I use this initramfs-based FDE on my headless server. My motivation is to secure my system against physical tampering.

I am aware that securing an untrusted hardware is not possible. This question is more about understanding how things work.

The (unencrypted) boot volume appears to be a big hole in my defense. Is there any protection against a boot-partition modification? E.g. a signature?

Bonus Question:

There needs to be an ongoing process to decrypt the system volume in the background, which in turn is based on a "booting"-kernel provided by initramfs. What happens to this booting-kernel, once the (encrypted) system kernel is loaded? How is the decrypting process managed (RAM-access, etc.)? How is the process isolated from the system kernel?

3 Answers 3


Full-disk encryption protects against theft. That is, it protects against a scenario where an attacker gains access to the device, and the owner loses access to the device at that point.

Full-disk encryption alone does not protect against an active attack where the attacker gains access to the device, but the owner is not aware and continues using the device.

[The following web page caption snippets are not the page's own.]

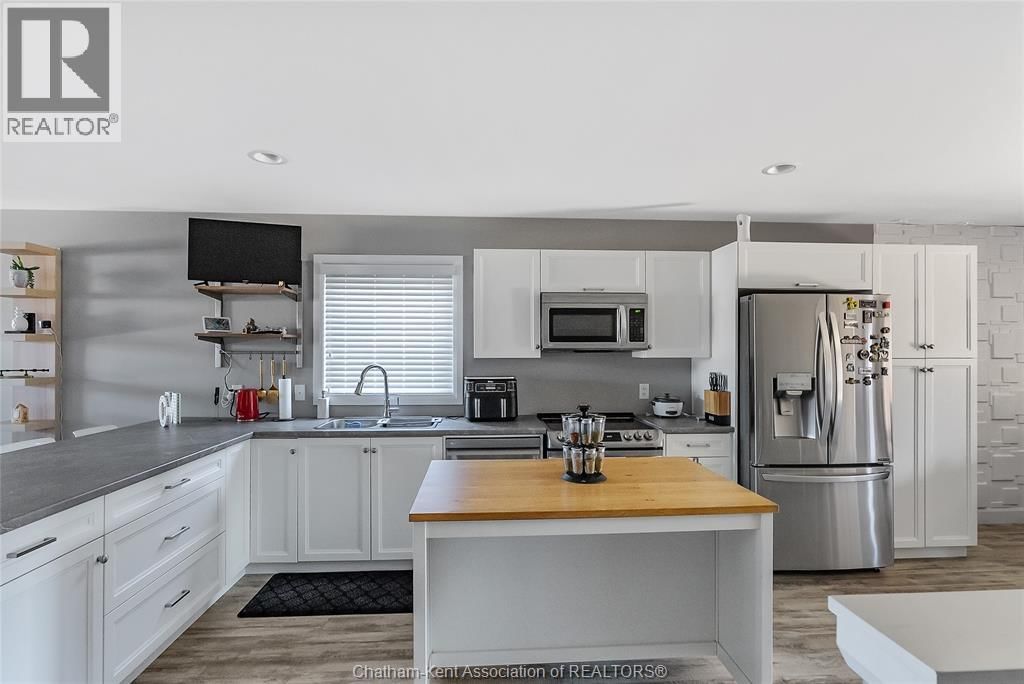 97 MOONSTONE CRESCENT Image 18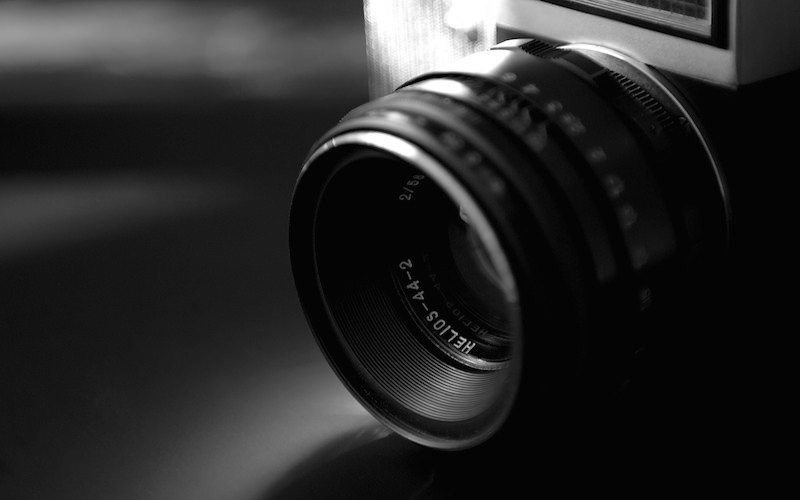 Alt image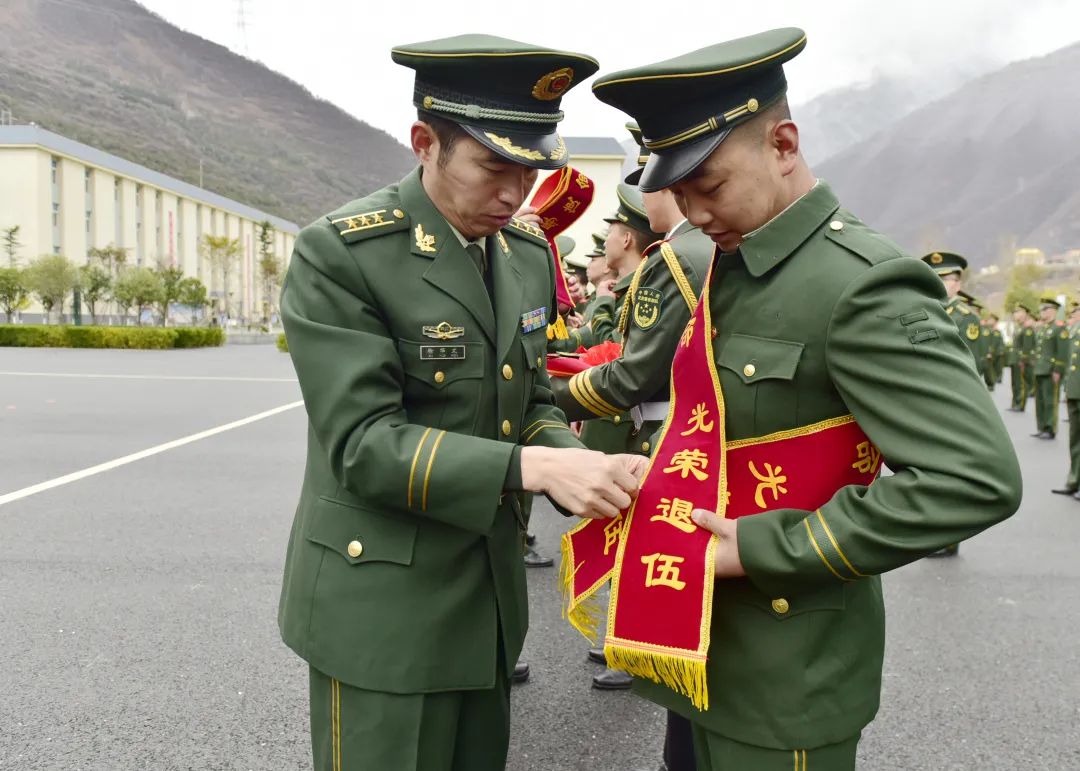 送战友一样分别两样情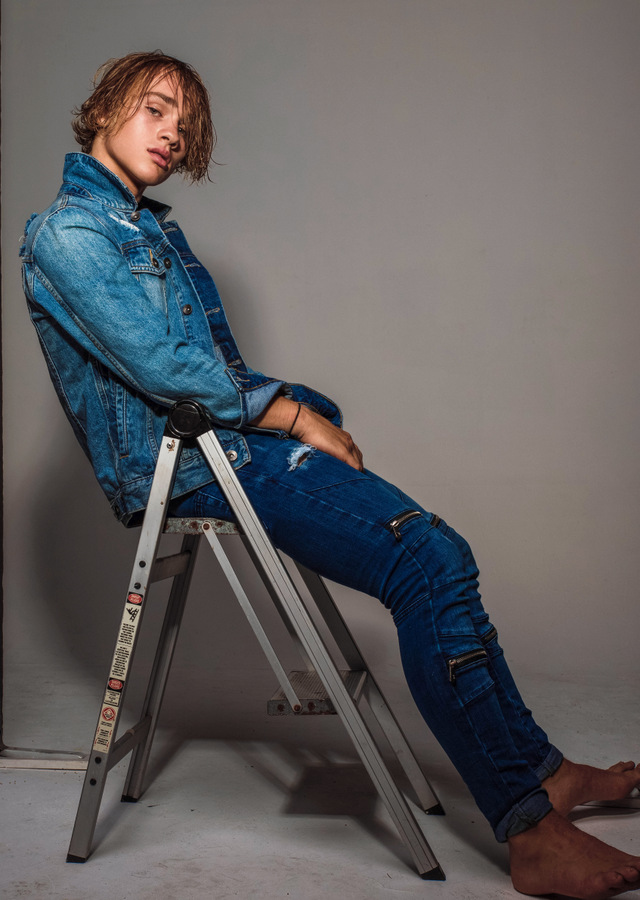 Charlie Di Stefano by Michelle Lancaster Charlie Di Stefano by Michelle Lancaster Vanity Teen 虚荣青年 Lifestyle & new faces magazine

It's not just a limitation of Linux's implementation, it's inherent in only doing encryption.

Protecting against an active attack requires some form of secure boot in addition to disk encryption. Secure boot requires the cooperation of the hardware:

  • The device contains a tamper-resistant¹ component which contains a secret key R.
  • The data on the device is encrypted with a key K derived from R.
  • The tamper-resistant component can check the integrity of critical parts of the device, and is only willing to release R if the device hasn't been tampered with. The critical parts include the code that will receive K.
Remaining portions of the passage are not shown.